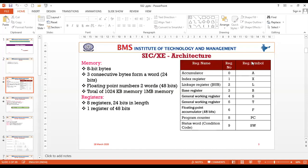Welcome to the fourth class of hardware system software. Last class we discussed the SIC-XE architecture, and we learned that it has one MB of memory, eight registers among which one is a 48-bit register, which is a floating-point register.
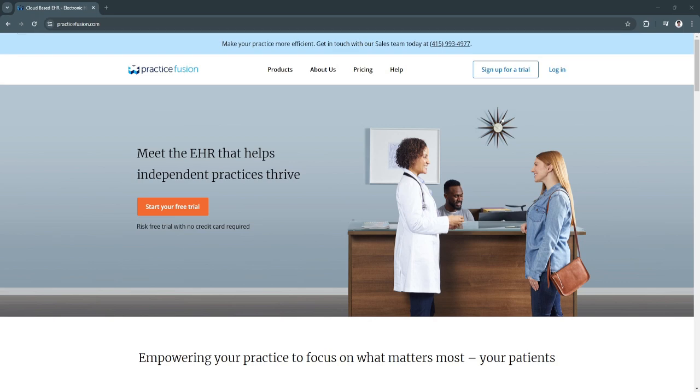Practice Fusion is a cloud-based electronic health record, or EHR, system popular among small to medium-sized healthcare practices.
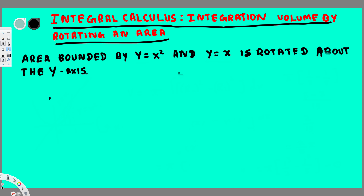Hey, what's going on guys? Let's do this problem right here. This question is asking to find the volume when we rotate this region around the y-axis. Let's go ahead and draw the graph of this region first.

# # # # # # #

§ **TASK REQUIREMENTS**: Everything from the line containing "Practice Fusion is" through the final line of the material must be set down exactly, except the pictures.

§ **ANSWER BOX**:
Practice Fusion is a cloud-based electronic health record, or EHR, system popular among small to medium-sized healthcare practices.
Hey, what's going on guys? Let's do this problem right here. This question is asking to find the volume when we rotate this region around the y-axis. Let's go ahead and draw the graph of this region first.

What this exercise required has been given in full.